The worksheet was used as an in-class activity after students had read about the material in the text. This activity is probably suitable for first-year students, though I used it with juniors/seniors.
Students will be able to do the following:
for simple lattices:
draw the lattice
determine how many atoms per cell
determine the coordination number, CN, of an atom
locate common holes and describe their CN
calculate the % of space filled up by the atoms
For ionic solids:
draw the lattice and count the number of ions in the cell
relate to a simple lattice by hole-filling
determine the # and CN of both cations and anions
none, though a box of pennies or marbles or ping pong balls might be helpful to visualize closest packing. Having models or computer models would have been helpful to show on a screen at the front of the room. rotatable cif files would be especially good, and next time I do this I will prepare cif files or crystalmaker files and upload them here.

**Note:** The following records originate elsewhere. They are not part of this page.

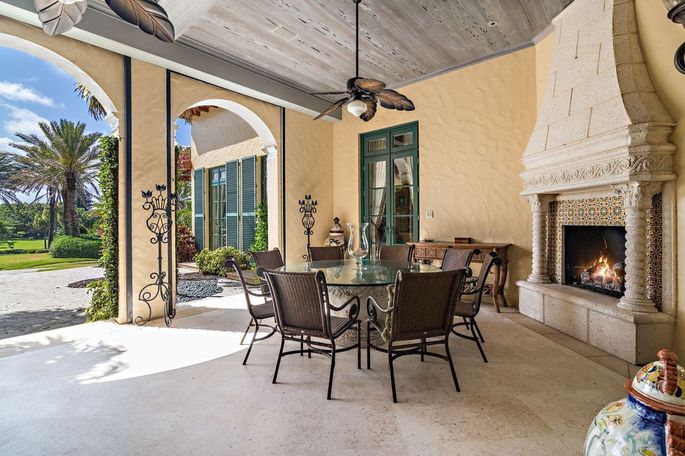 Bos Oracle Larry Ellison Beli Rumah Rp1,1 Triliun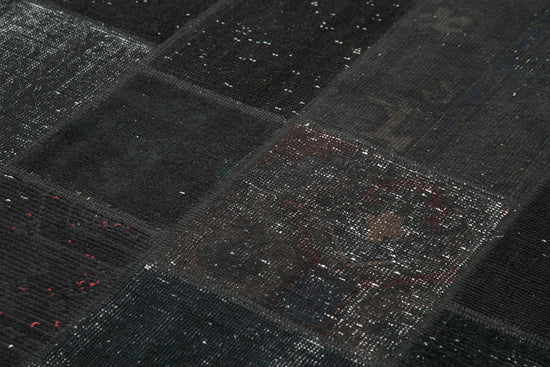 6x8 Black Patchwork Rug - 31840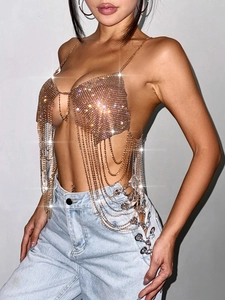 Haut sexy en sequins dorés avec chaînes métalliques, strass brillants et franges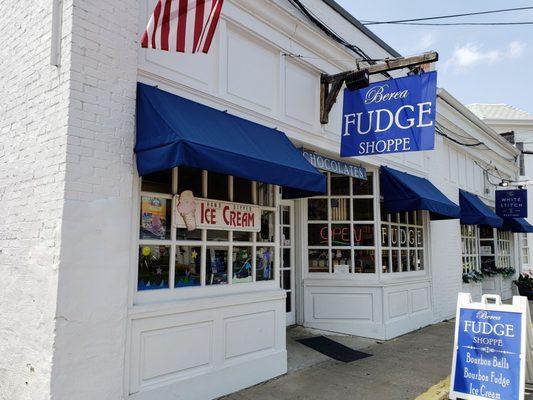 Storefront for Berea Fudge Shop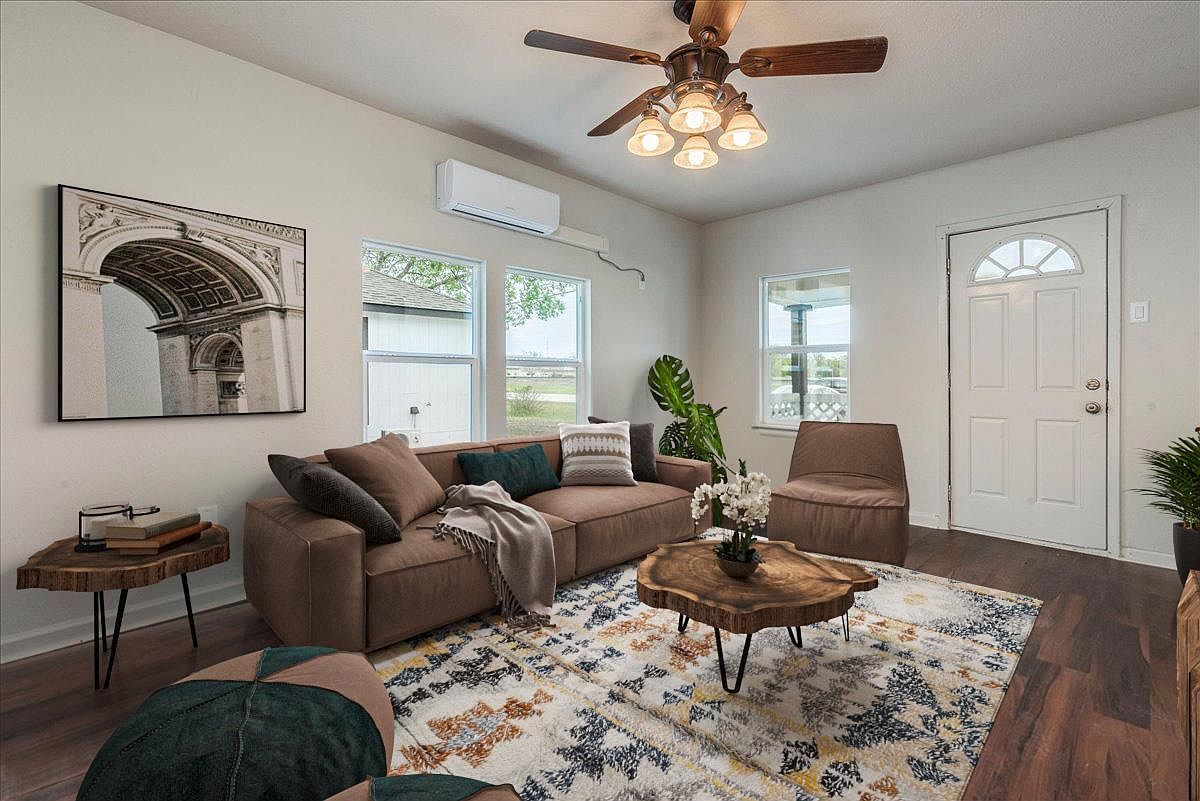 112 Gazley St Smithville, TX 78957 - Thumbnail 5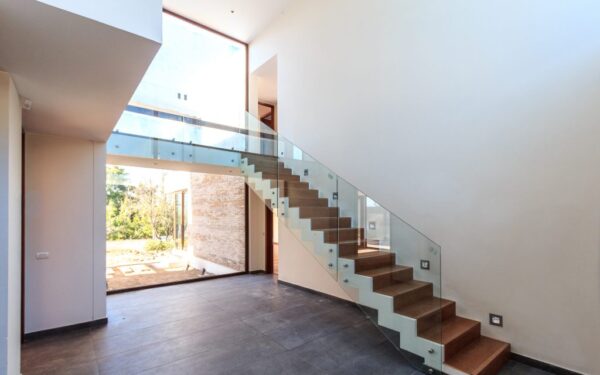 The Benefits of Using Steel for Railings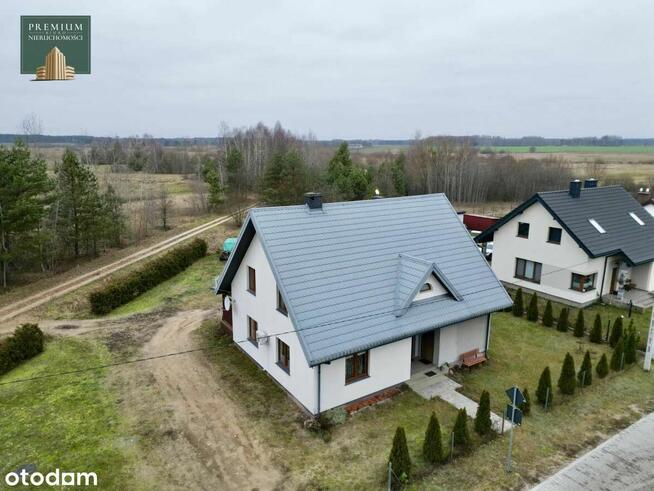 Dom wolnostojący - na przestronnej działce w Narwi.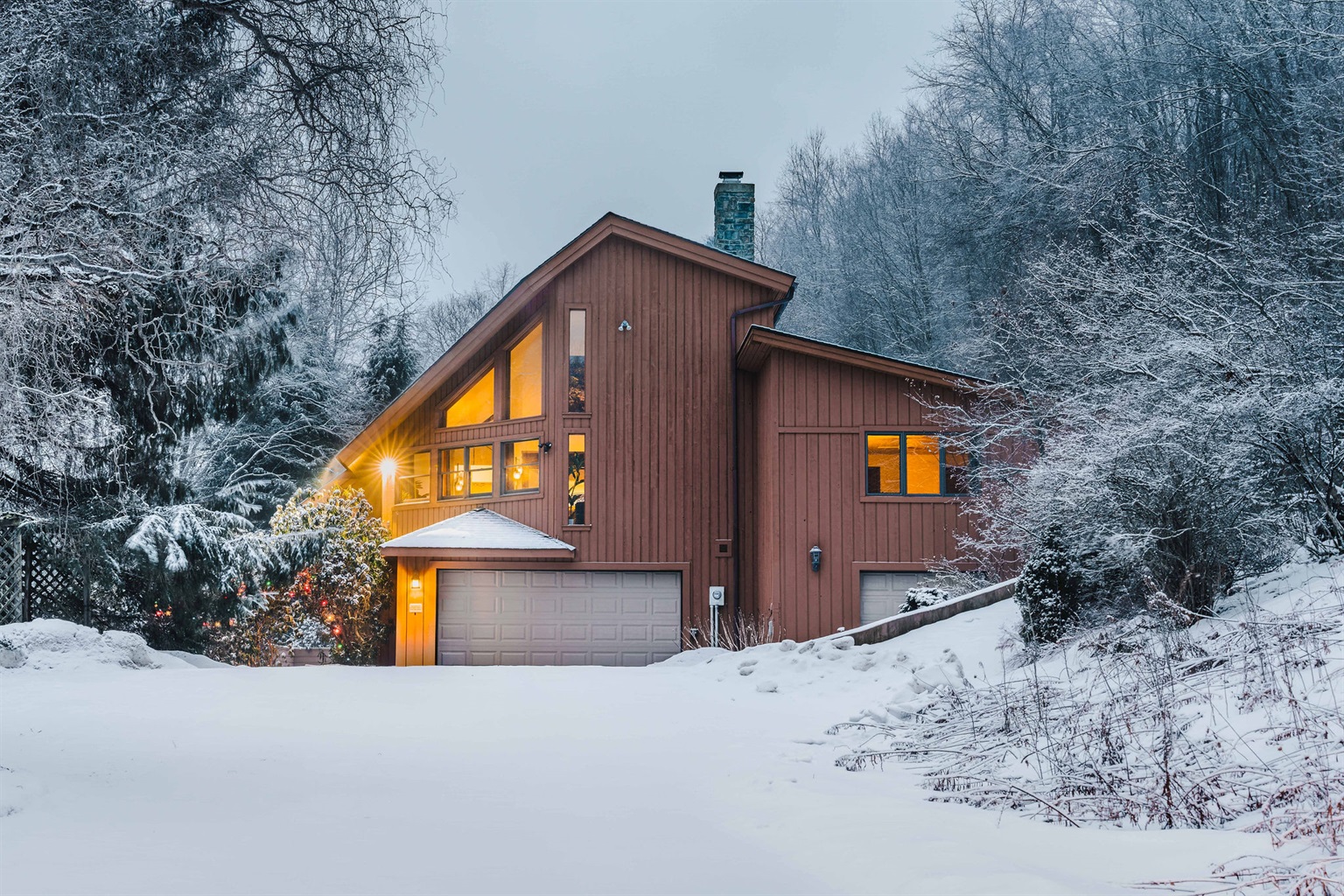 Arrive to a warm glow in the heart of the forest—Cosmic Ridge Retreat welcomes you home after a day of exploring Pennsylvania’s Dark Skies.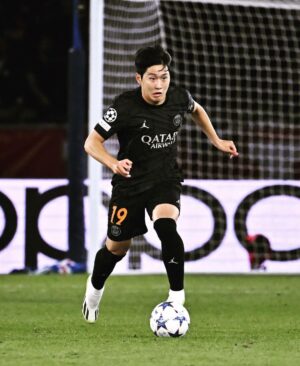 Lee Kang-in Instagram - Feliz por la victoria y por la vuelta con el equipo💪
Allez Paris🔴🔵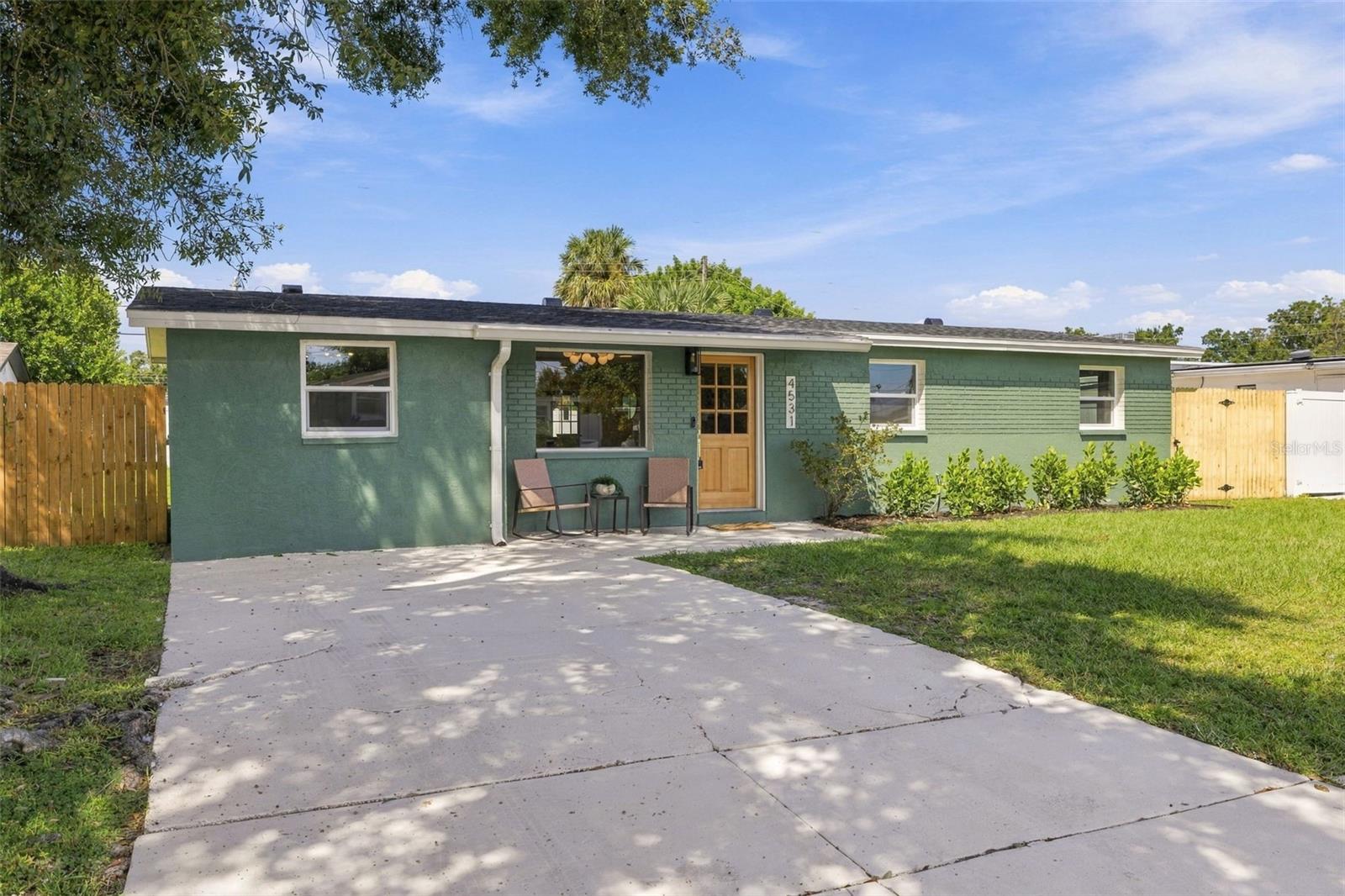 4531 W FERN STREET
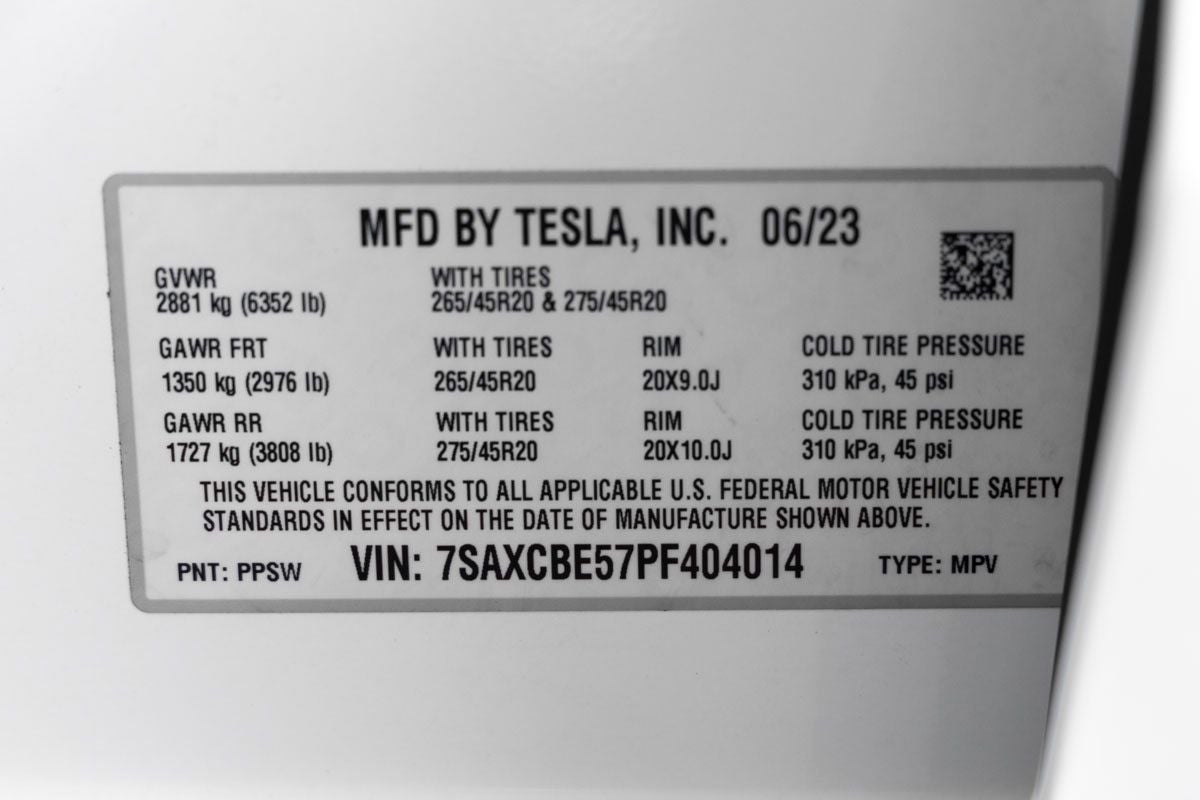 2023 Tesla Model X Base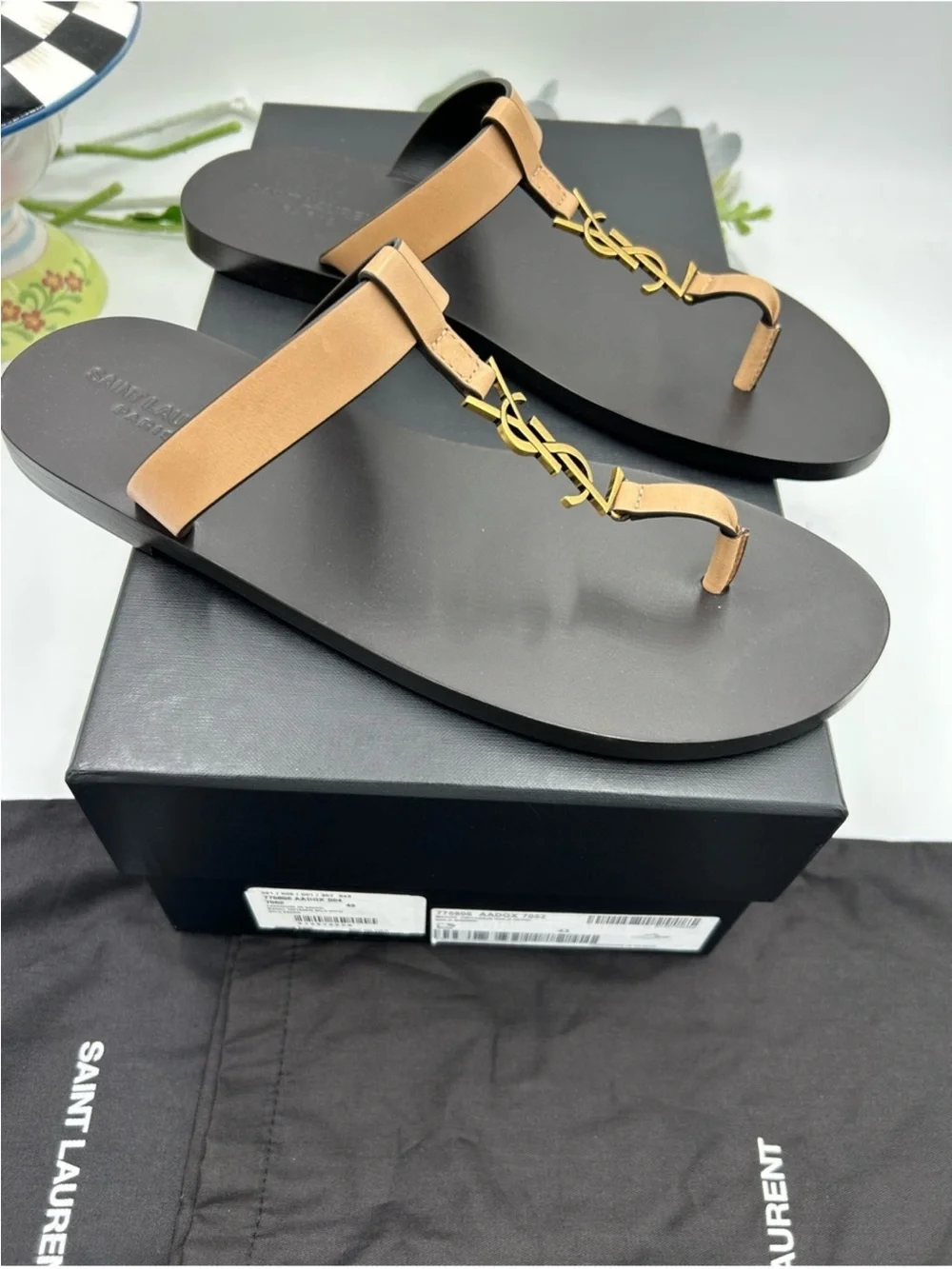 Men’s Saint Laurent CASANDRE YSL logo thong sandals, size 43 made in Italy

This was a bit too long for a 50-minute class period but students finished it up at home. The students who had spent the time reading the book before class definitely did better on the exercise than those who were clearly doing it for the first time in class. Students struggled a bit with the geometry/trig calculations.
Were I to do this again, I would have 3-d rotatable structures available (cif files or crystalmaker files) to help students with the visualization.
I walked through the classroom and guided the students as they worked in pairs or groups of three. All the answers were in prior assigned reading from their text so if they were confused, they had that to look at later.
Some students had trouble seeing some of the holes in the simple lattices, so it was helpful that I was walking around to show them the holes. It was good to have students work together becasue some students were able to see the holes in the geometries and help their partners.